= Given data =
----

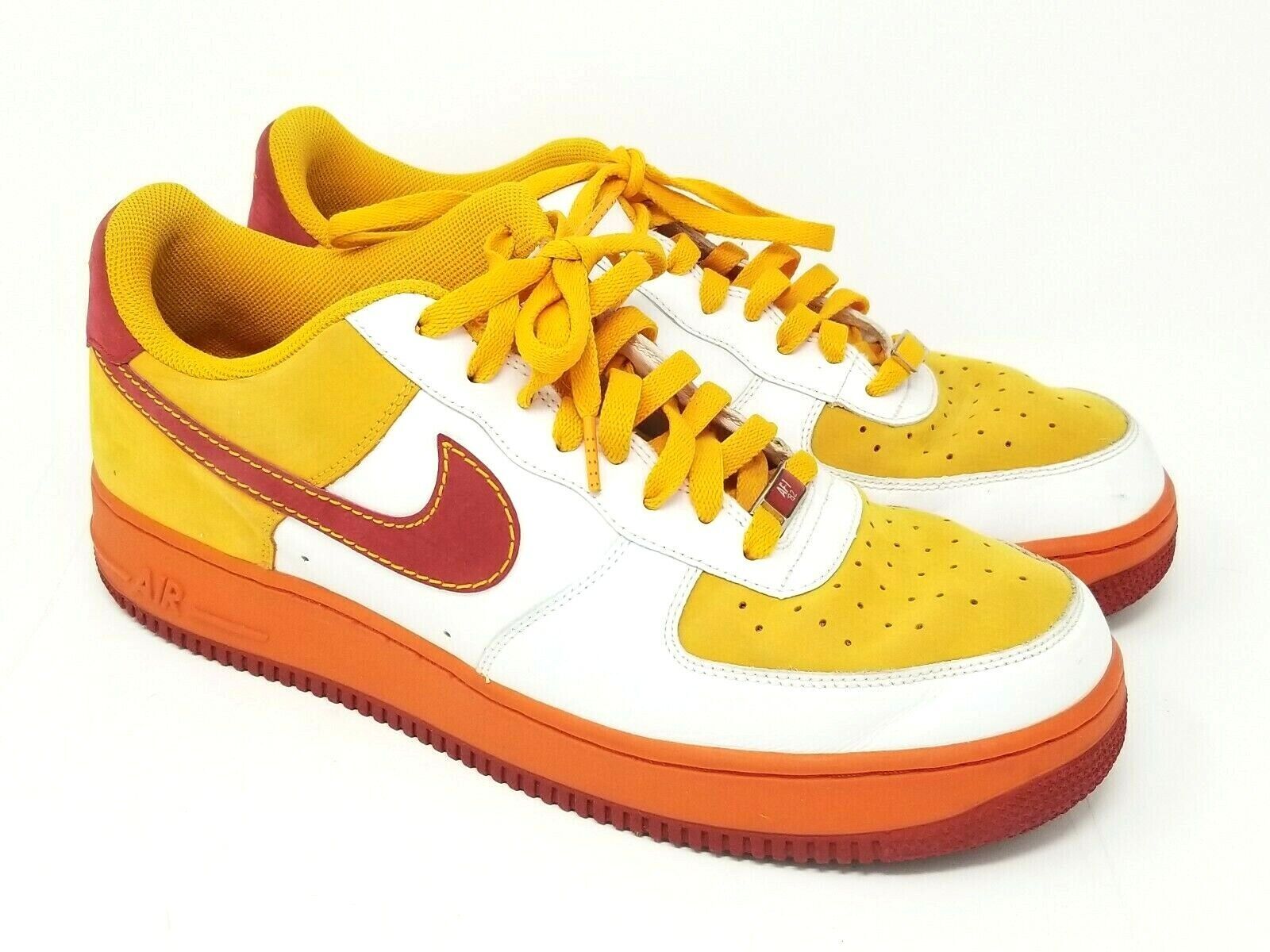 Nike Air Force 1 '07 China for Sale Authenticity Guaranteed eBay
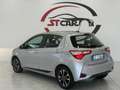 Toyota Yaris 5p 1.0 Active 72cv EURO 6 Zilver - thumbnail 6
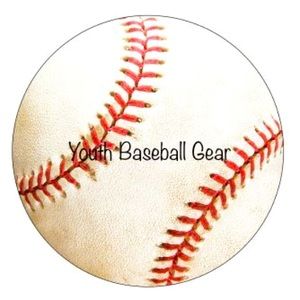 Youth / Adult Baseball Gear ⚾️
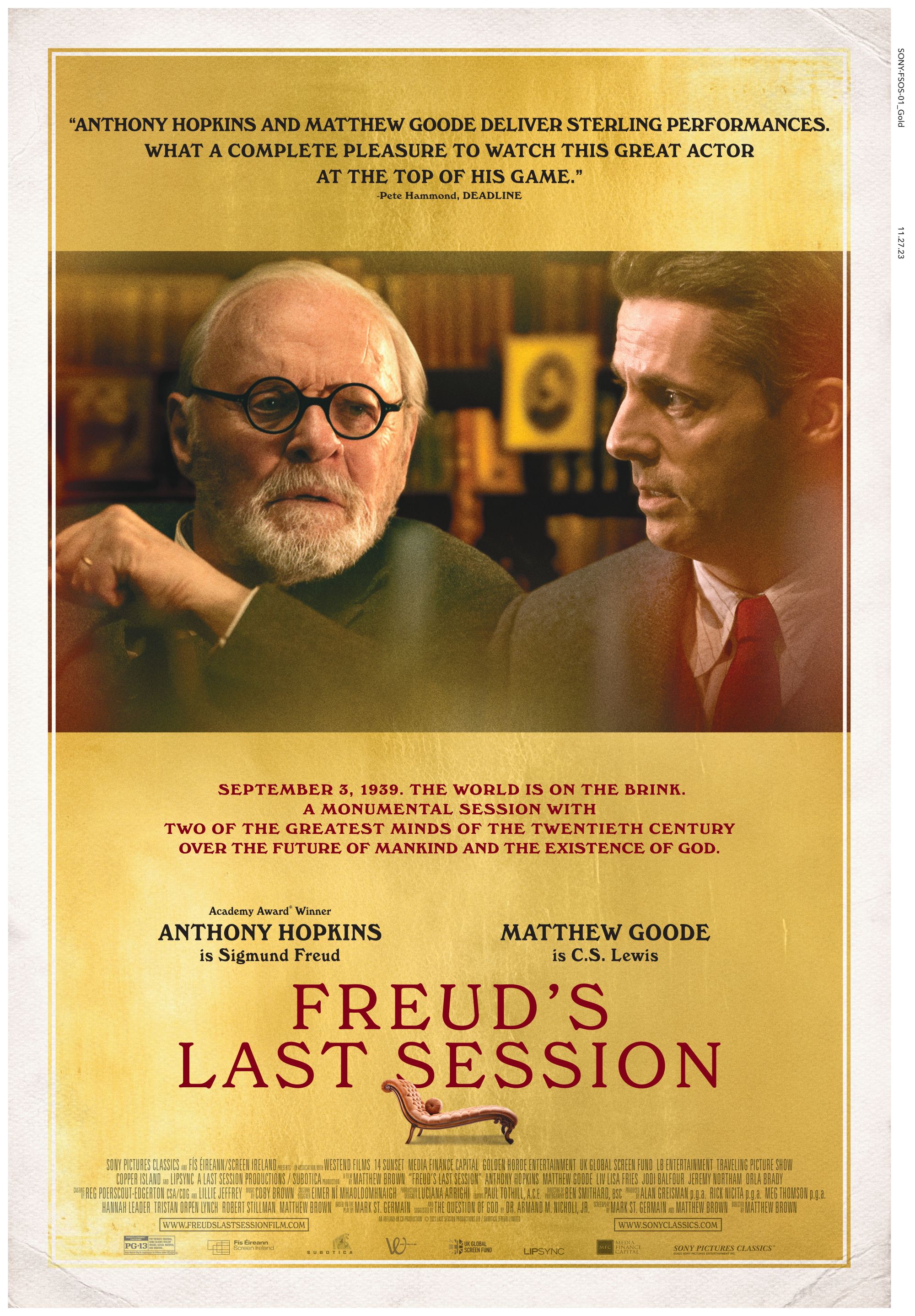 FLS FILM POSTER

----

Exact copy, no pictures: reproduce the whole listing above.

 Nike Air Force 1 '07 China for Sale Authenticity Guaranteed eBay
 Toyota Yaris 5p 1.0 Active 72cv EURO 6 Zilver - thumbnail 6
 Youth / Adult Baseball Gear ⚾️
 FLS FILM POSTER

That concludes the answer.